Fourier Transform

Continuous Fourier Transform

The Fourier transform extends the ideas of Fourier series from periodic functions to non-periodic functions defined on \(\mathbb{R}\). While Fourier series decompose periodic signals into discrete frequency components, the Fourier transform decomposes general signals into a continuous spectrum of frequencies.

For a function \(f: \mathbb{R} \to \mathbb{C}\) (or \(\mathbb{R} \to \mathbb{R}\)), the Fourier transform \(\hat{f}\) is defined by: \[ \hat{f}(\omega) = \mathcal{F}\{f\}(\omega) = \int_{-\infty}^{\infty} f(x)e^{-i\omega x} \, dx \] where \(\omega \in \mathbb{R}\) is the frequency variable (or angular frequency).

The inverse Fourier transform recovers \(f\) from \(\hat{f}\): \[ f(x) = \mathcal{F}^{-1}\{\hat{f}\}(x) = \frac{1}{2\pi}\int_{-\infty}^{\infty} \hat{f}(\omega)e^{i\omega x} \, d\omega \]
Note: Different conventions exist for the placement of the factor \(\frac{1}{2\pi}\). Some authors place \(\frac{1}{\sqrt{2\pi}}\) in both the forward and inverse transforms to make them symmetric. The convention above is common in mathematics and engineering.

The Fourier transform is well-defined for functions in \(L^1(\mathbb{R})\) (absolutely integrable functions): \[ \int_{-\infty}^{\infty} |f(x)| \, dx < \infty \] and can be extended to \(L^2(\mathbb{R})\) (square-integrable functions) using limiting procedures.

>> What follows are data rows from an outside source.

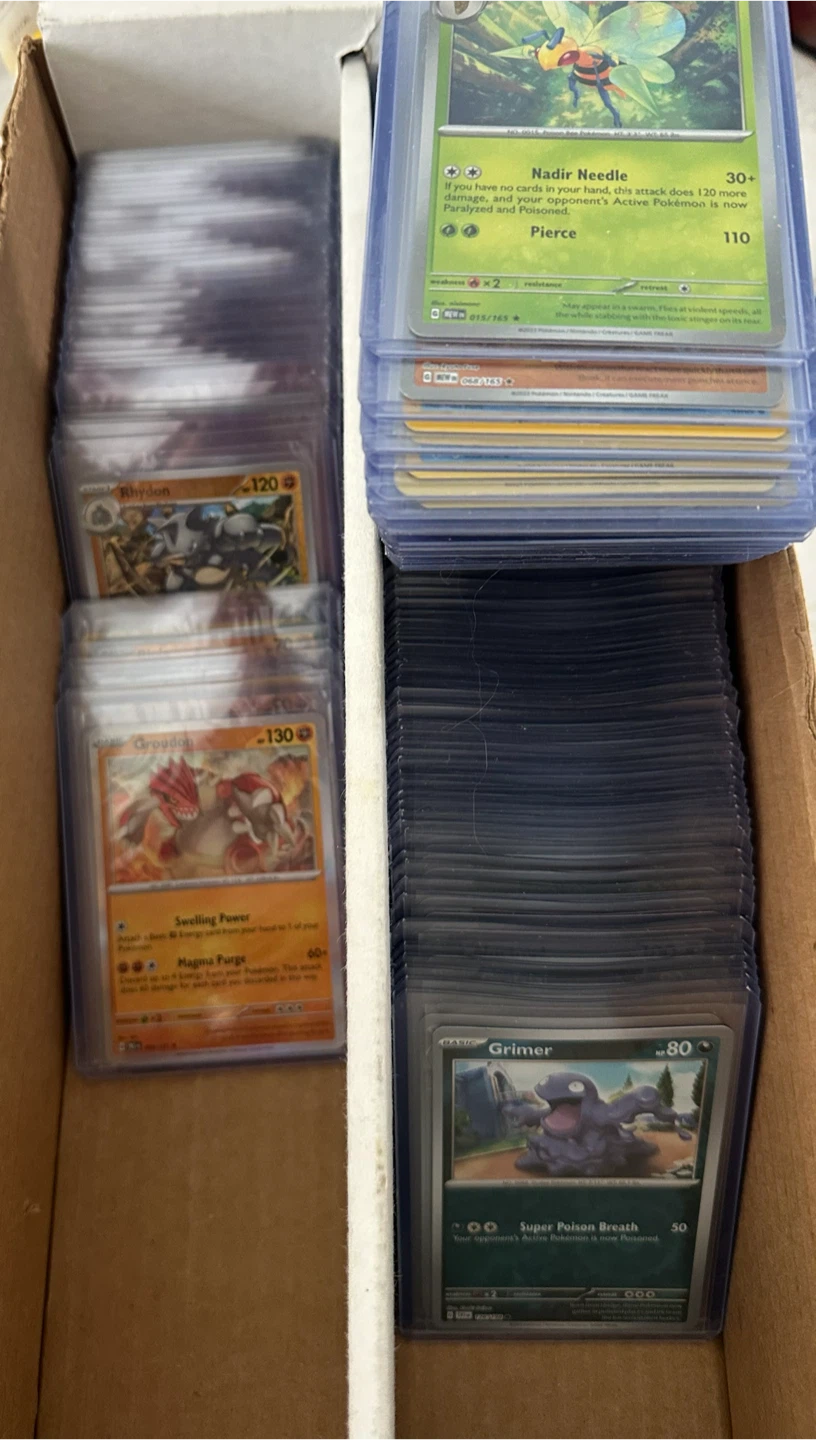Large Inventory of Pokémon Cards (NOT BULK SELLING THEM) - photo 2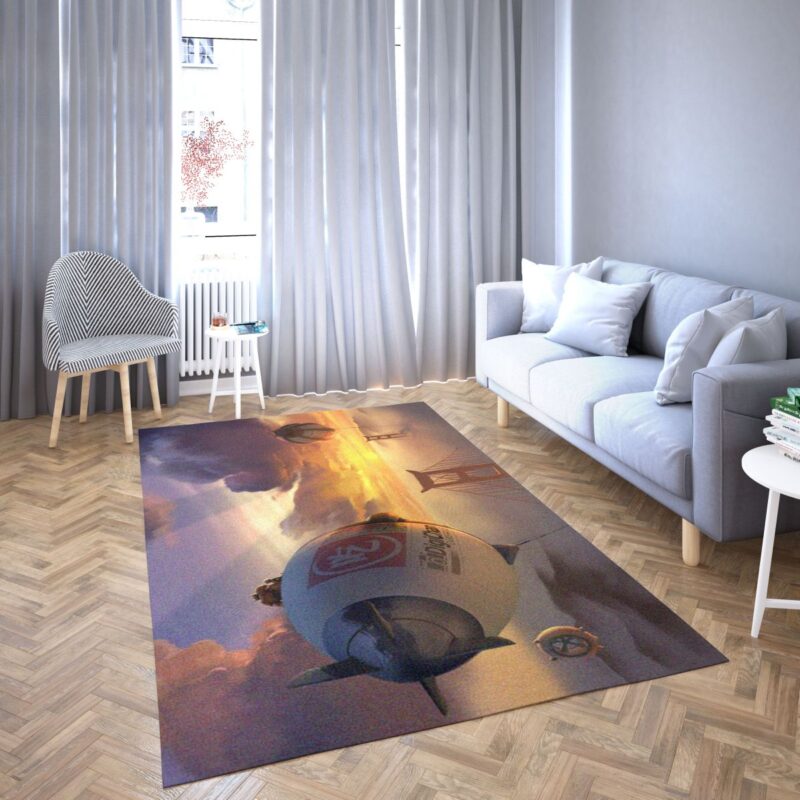 Big Hero 6 Karikatur Lieblings Carpet Area Rug 16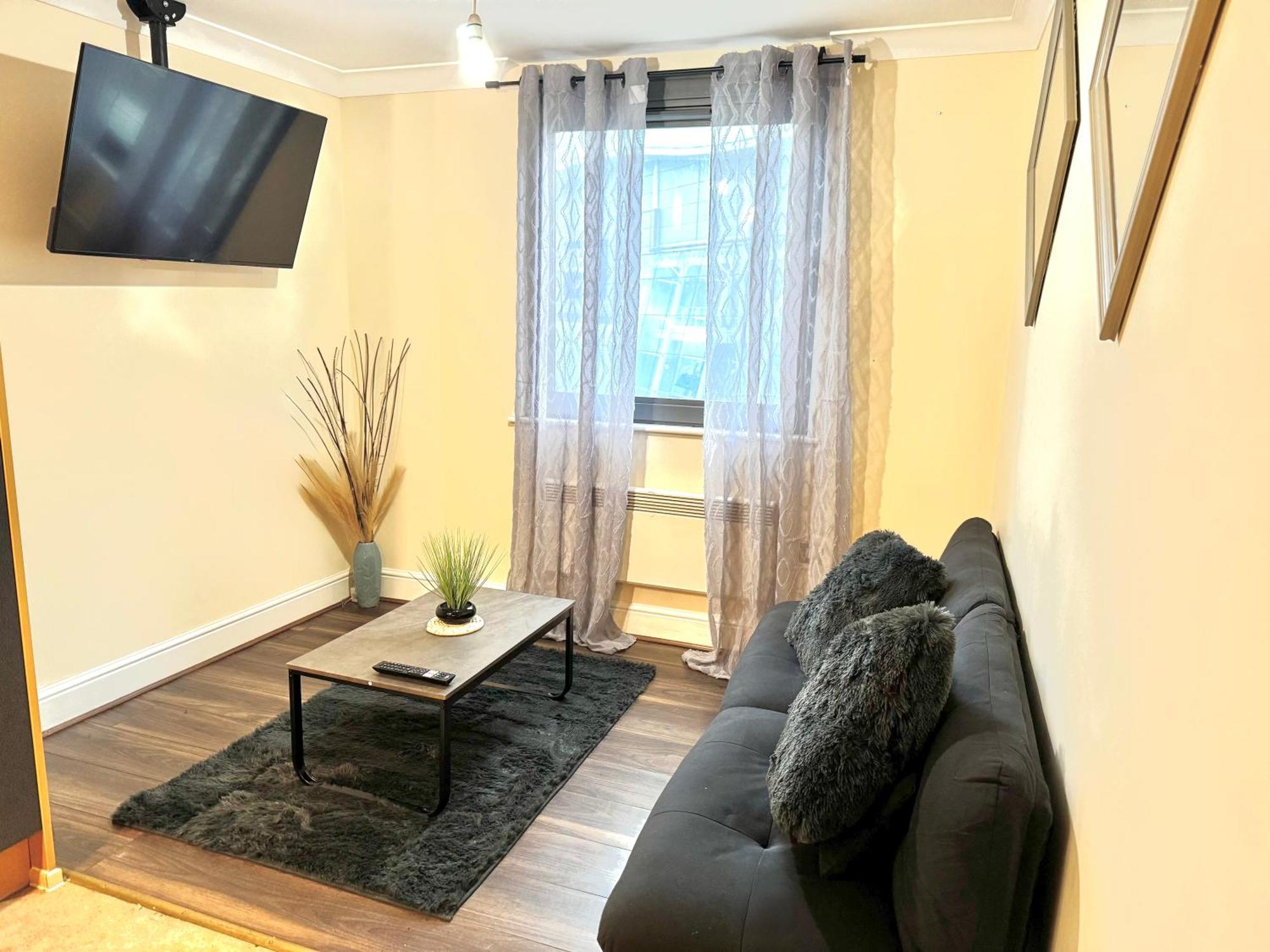 Birmingham City Centre Cosy Apartment Exteriör bild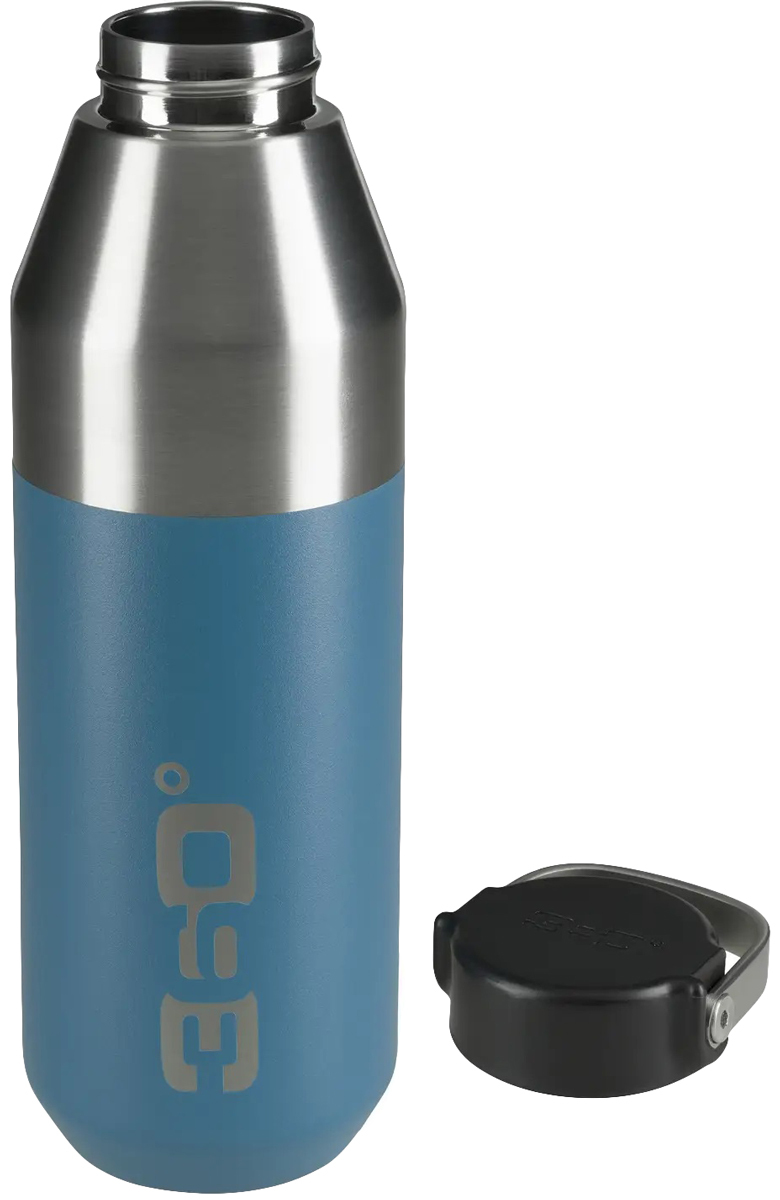 Термобутылка 360° Degrees Narrow Mouth Bottle 0.75l Denim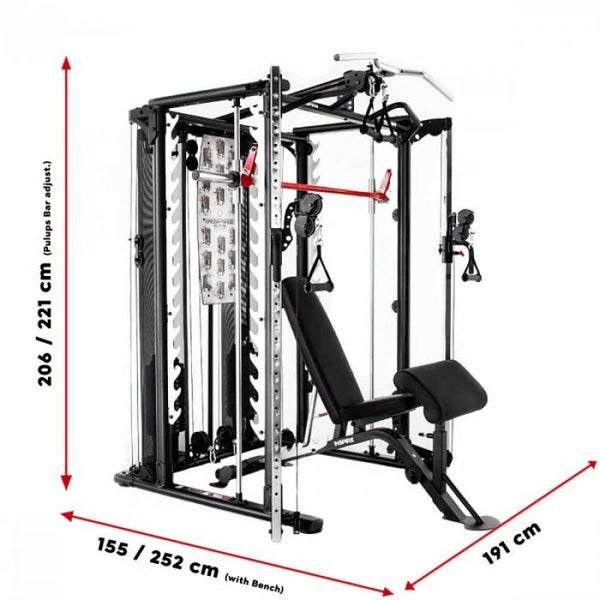 Inspire Fitness SCS Smith Cage System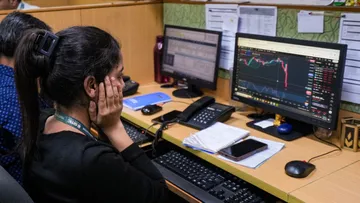 Share Market Crash Stock Market Crash Sensex Nifty Trading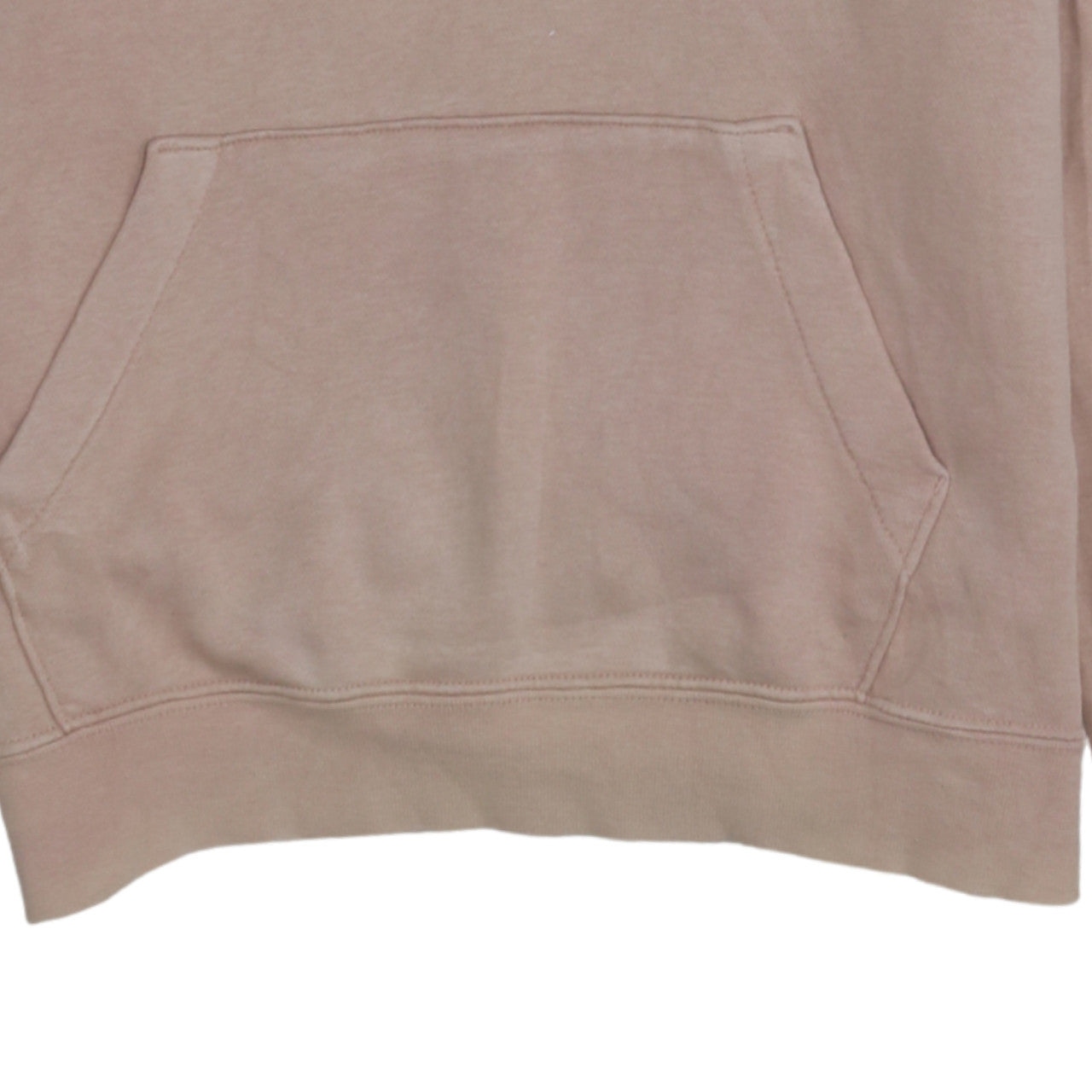 Womens UK Size XS Nike Beige Pullover Hoodie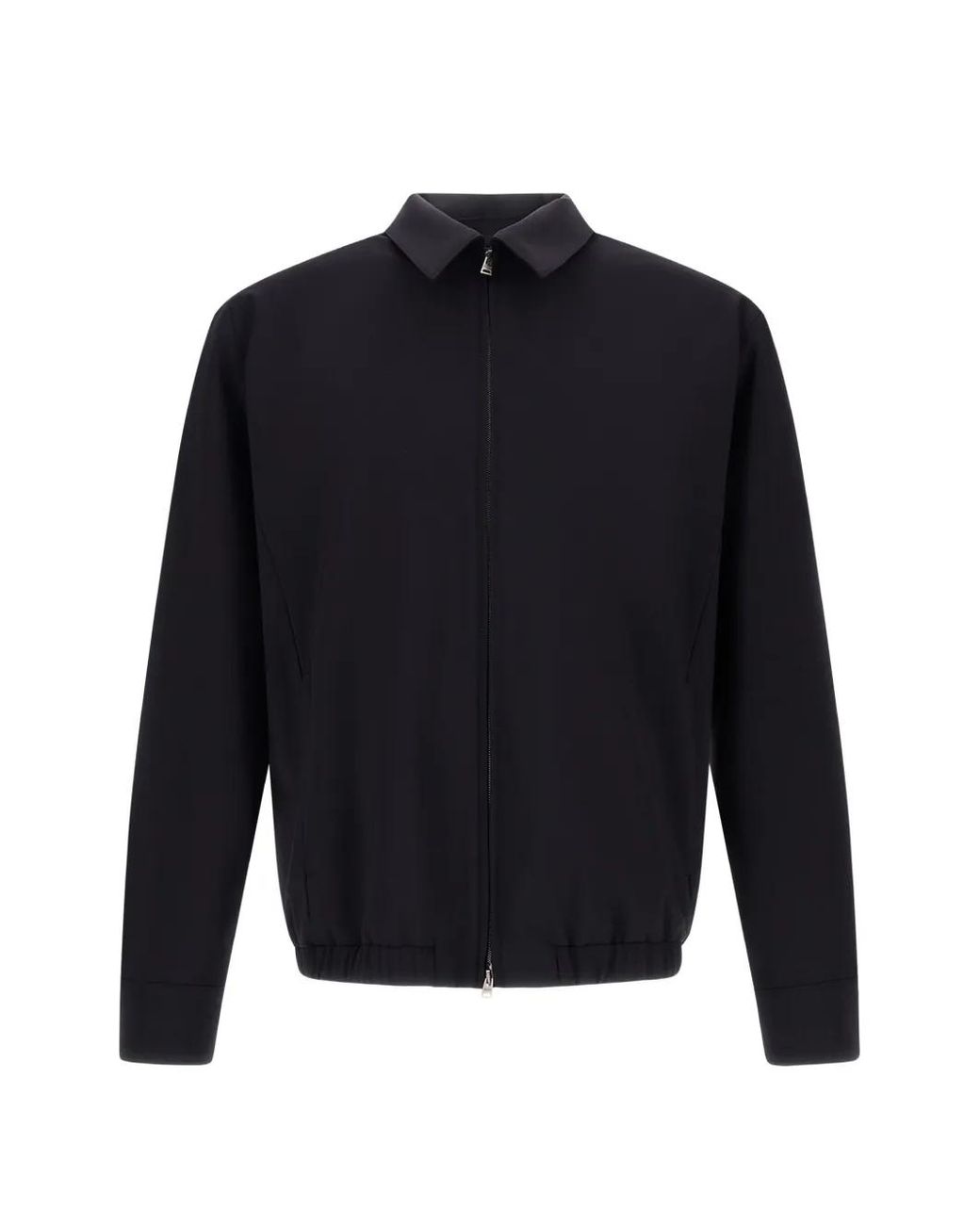 Herno Blue Polyester Jacket Shirt for men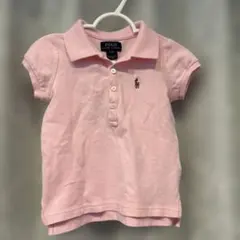 美品・Polo Ralph Lauren ピンク 半袖ポロシャツ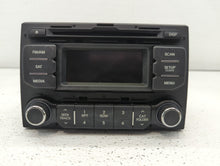 2012-2015 Kia Rio Radio AM FM Cd Player Receiver Replacement P/N:96170-1W950CA 96170-1W900CA Fits 2012 2013 2014 2015 OEM Used Auto Parts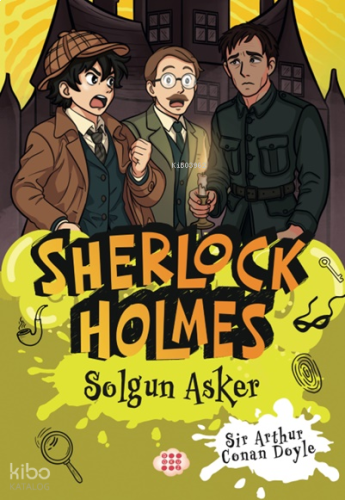 Sherlock Holmes - Solgun Asker (Yan Boyamalı)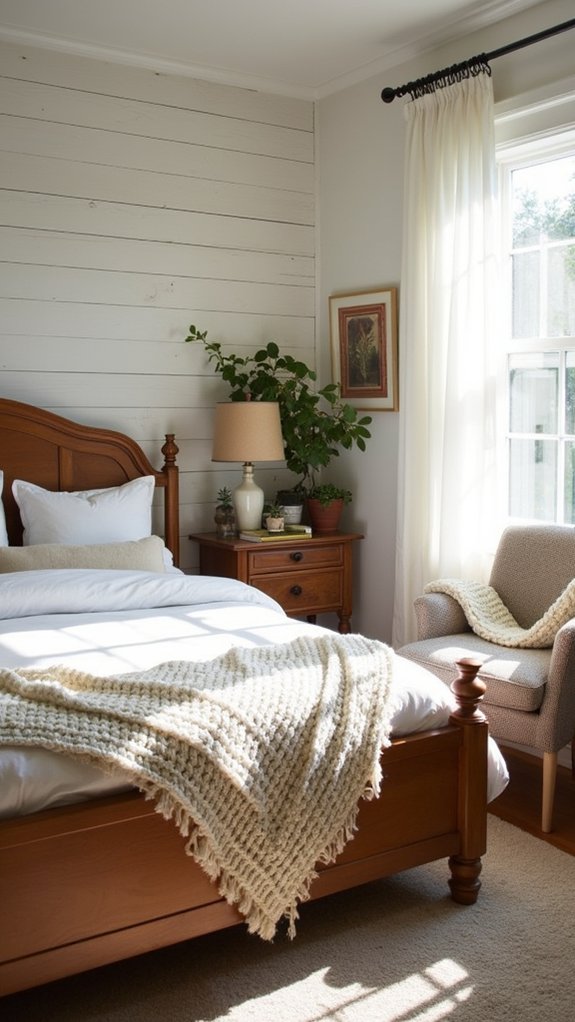 rustic charm meets contemporary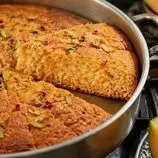 کیک طالبی؛ این کیک بهاری را بدون فر بپزید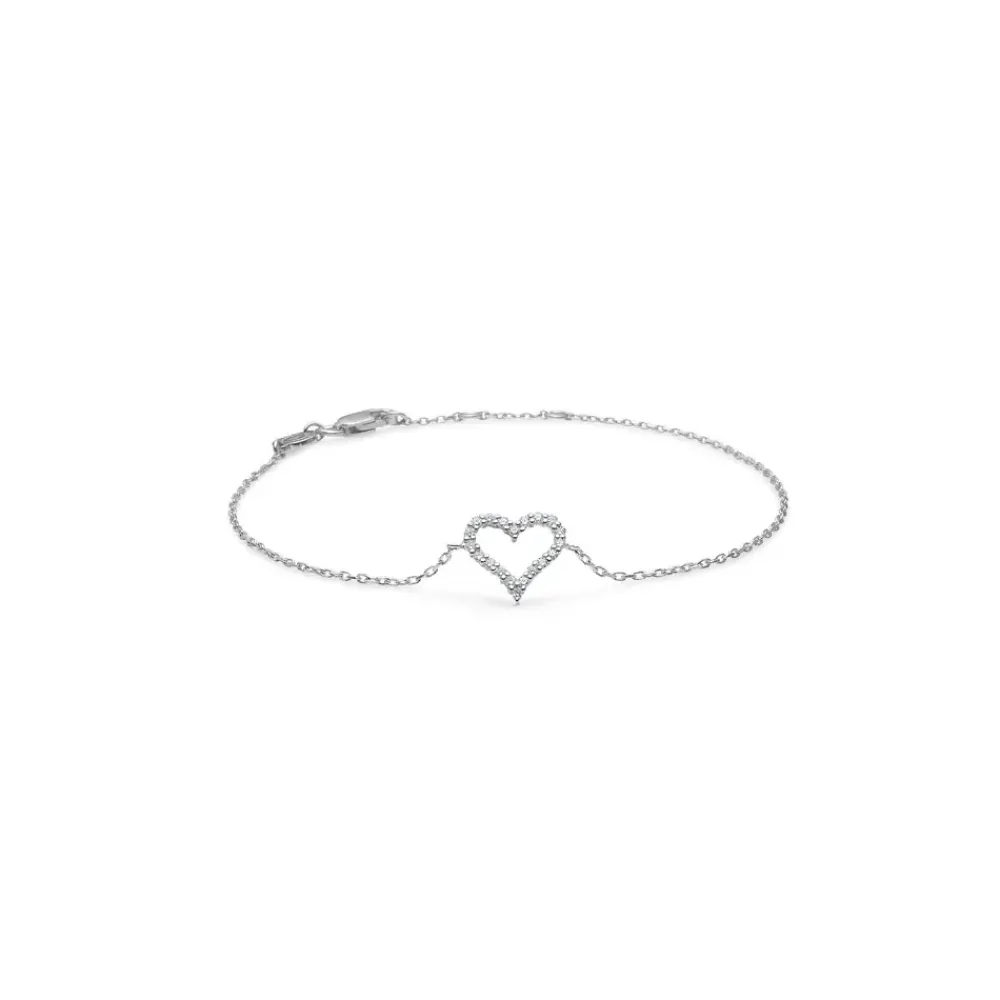 Mads Z smykker Mads Z Tender Heart armbånd 1651312| Guldsmykker|Armbånd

Example: Gaussian Function Consider the Gaussian function: \[ f(x) = e^{-\frac{x^2}{2}} \] Its Fourier transform is: \[ \begin{align*} \hat{f}(\omega) &= \int_{-\infty}^{\infty} e^{-\frac{x^2}{2}}e^{-i\omega x} \, dx \\\\ &= \int_{-\infty}^{\infty} e^{-\frac{x^2}{2} - i\omega x} \, dx \end{align*} \] Complete the square in the exponent: \[ -\frac{x^2}{2} - i\omega x = -\frac{1}{2}(x^2 + 2i\omega x) = -\frac{1}{2}\left((x + i\omega)^2 - (i\omega)^2\right) = -\frac{(x + i\omega)^2}{2} - \frac{\omega^2}{2} \] Therefore: \[ \hat{f}(\omega) = e^{-\frac{\omega^2}{2}} \int_{-\infty}^{\infty} e^{-\frac{(x+i\omega)^2}{2}} \, dx \] By Cauchy's integral theorem (contour integration in the complex plane), shifting the contour of integration does not change the value of the integral, so: \[ \int_{-\infty}^{\infty} e^{-\frac{(x+i\omega)^2}{2}} \, dx = \int_{-\infty}^{\infty} e^{-\frac{x^2}{2}} \, dx = \sqrt{2\pi} \] Thus: \[ \hat{f}(\omega) = \sqrt{2\pi} \cdot e^{-\frac{\omega^2}{2}} \] This remarkable result shows that the Gaussian function is an eigenfunction of the Fourier transform: its transform is also a Gaussian (up to a constant). This property makes Gaussian functions fundamental in signal processing, probability theory, and quantum mechanics.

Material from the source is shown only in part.